This Week in Concord History

Dec. 20, 1979: U.S. Rep. John Anderson, a Republican from Illinois, comes to Concord to officially register for the GOP presidential primary. Ronald Reagan, he tells the Associated Press, “is a long way from being home free in this race.”

 

Dec. 21, 1998: The Concord City Council orders City Manager Duncan Ballantyne to review the process used to rename 31 city streets after a prolonged furor over the issue. Ultimately, they say, some streets may revert to their old names.

 

Dec. 21, 2002: Concord boys’ basketball opens their season with a 49-47 win over Pinkerton.

 

Dec 22, 1862: Nine days after the 5th New Hampshire Infantry was cut to pieces at the Battle of Fredericksburg, Captain James Larkin of Concord writes his wife back home that “there are several Concord people out here since the fight. . . . They had better come before a fight and bring a musket. They would do more good.”

 

Dec. 23, 1865: Home at last, eight months after the last shots of the Civil War were fired, the Second New Hampshire Volunteer Infantry Regiment parades through the streets of Concord. Gov. Frederick Smyth and other dignitaries toast the regiment. Three days later, the Second will be paid off and discharged, having served longer than any other New Hampshire regiment.

 

Dec. 23, 2000: Bradlees department store on Fort Eddy Road is about to go out of business, the Monitor reports. The 105-store chain, which struggled through the 1990s, will close all of its locations.

 

Dec. 23, 2001: Bud Luckern, head hockey coach at Bishop Brady High School from 1974 to 1981 and 1985 to 1991, dies at the age of 66.

 

Dec. 24, 1979: Mississippi Gov. Cliff Finch arrives in Concord and declares, “I will be the next president of the United States.” If he can’t get enough signatures to get his name on the ballot, he says, he’ll run as a write-in.

 

Dec. 24, 1989: Don’t tell Concord folks winter has just begun: Only a month after the coldest November day of the century, the city faces another deep freeze. The day’s low temperature is 20 below zero.

 

Dec. 24, 1900: The Monitor reports on this year’s building boom.

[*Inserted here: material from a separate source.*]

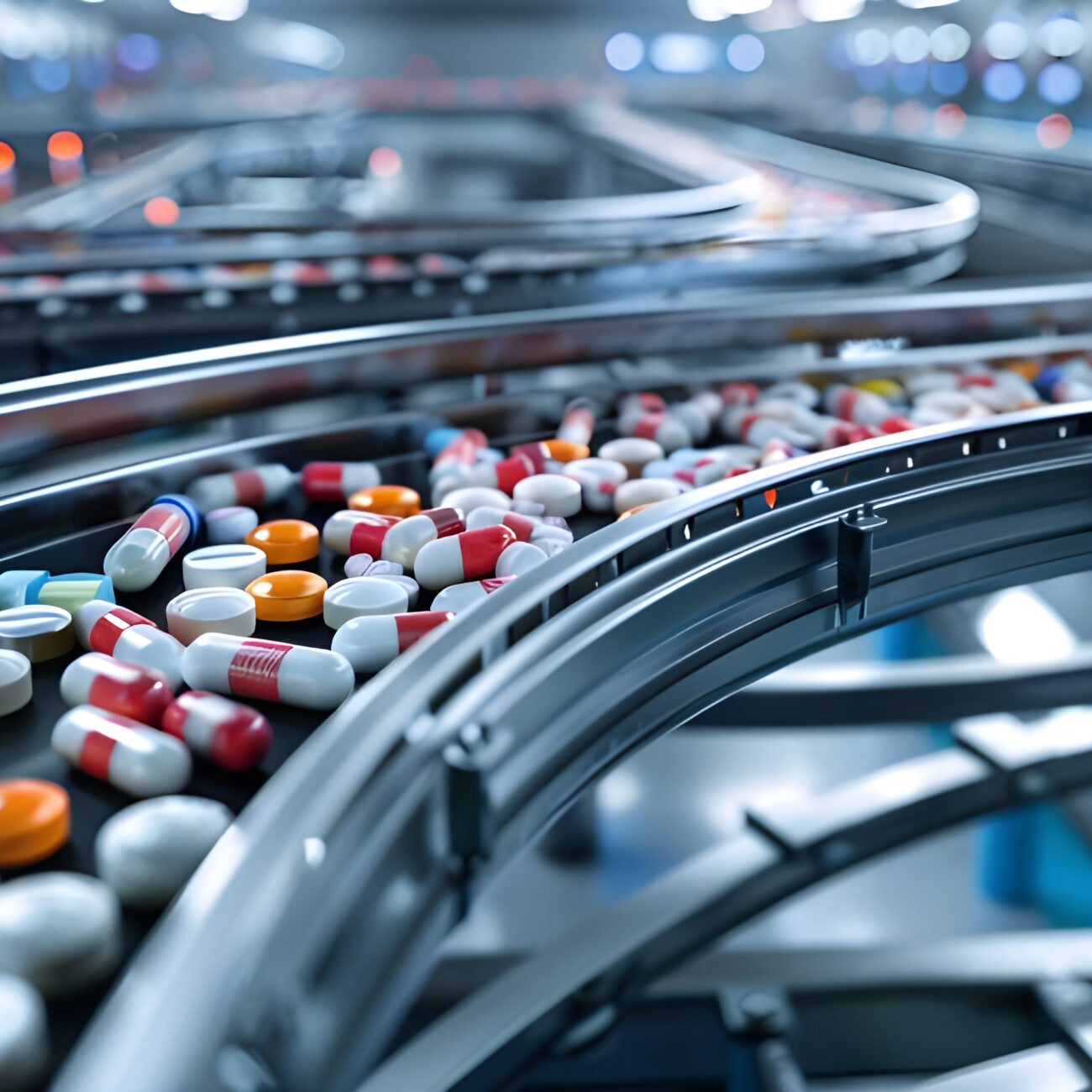 Automated Pharmaceutical Production: Medicines on Conveyor System, Pharmaceutical Manufacturing Scene: Medicines on Automated Conveyor, Pharmaceutical Manufacturing Background - Ai Generated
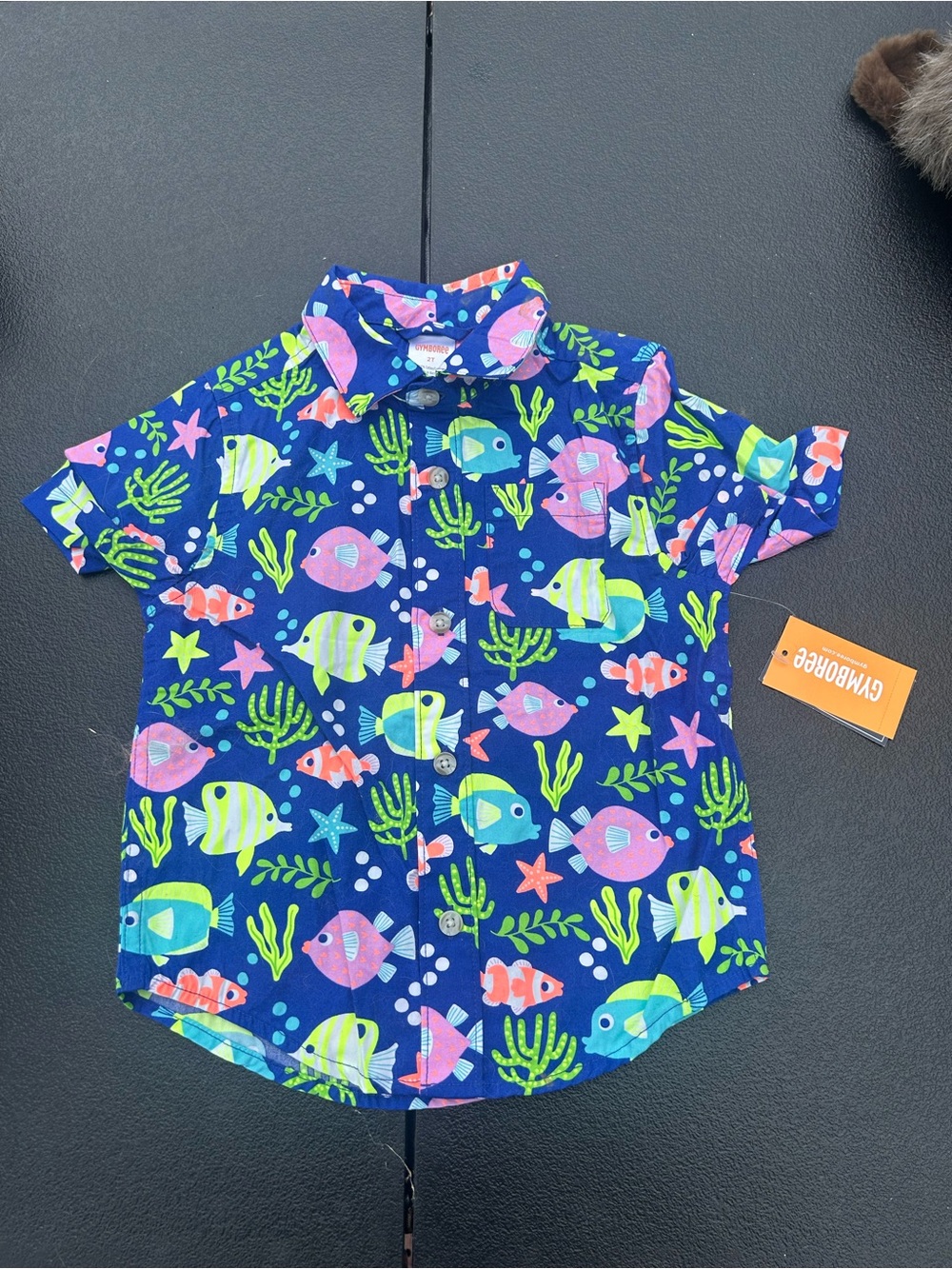 Gymboree Navy Short Sleeve Fish Button-Down Shirt with Bright Sea Motifs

The new structures include the Optima Building and two other business blocks on Main Street, a new library and Dewey School.

 

Dec. 24, 1998: A 26-year-old snowmobiler crashes through the ice of Turkey Pond in Concord and is stuck in the frigid water for an hour – staying afloat by purposely freezing his forearms and hands on top of the ice. Concord Fire Battalion Chief calls it the most dangerous ice rescue in memory. “There was such shallow ice around him,” he says.

 

Dec. 25, 1820: Episcopalians hold Concord’s first Christmas celebration 93 years after the town was settled. Because Concord was settled by Massachusetts Congregationalists, the holiday was previously banned.

 

Dec. 25, 1827: In Concord to preach, Ralph Waldo Emerson meets Ellen Tucker and falls in love with her. She will become his wife. Tucker is 16 years old, lives with her mother and stepfather and wants to be a poet. Here are a few lines from one of her poems:

Sweeter the green sod for my bones

The black earth for my head

The wind, than they cold altered tones

Whence all of love had fled.

 

Dec. 26, 1776: Col. John Stark’s troops lead the attack on the British and Hessians at Trenton. Capt. Joshua Abbot’s Concord company and Ebenezer Frye’s Pembroke company march with Stark. Frye, “being very corpulent,” tires quickly and tells his men to move ahead “as fast as they please” under Sgt. Ephraim Stevens. The battle lasts 50 minutes. The Patriot victory is a turning point of the Revolution.

 

Dec. 26, 1856: A fire reduces Concord’s Phenix Hotel to ashes. It will rise again on the same spot.

 

Dec. 26, 1900: The police foil a murder for hire in Concord. The hit man turns in the woman who offered him $10, her rings and a pair of opera glasses to kill her estranged husband. The woman, 26-year-old Carrie Sinclair Huntoon, is a Concord belle who can trace her ancestry to the Pilgrims. She will be found insane and committed to the asylum.

 

Dec. 26, 1987: A Monitor poll of city councilors gives Liz Hager the edge in a three-way vote for mayor of Concord. She will eventually defeat Jim MacKay – with the help of candidate Bob Washburn – becoming the city’s first female mayor.

 

Dec. 26, 2001: A fire tears through a two-story house on Lyndon Street, leaving three people homeless. No one was injured.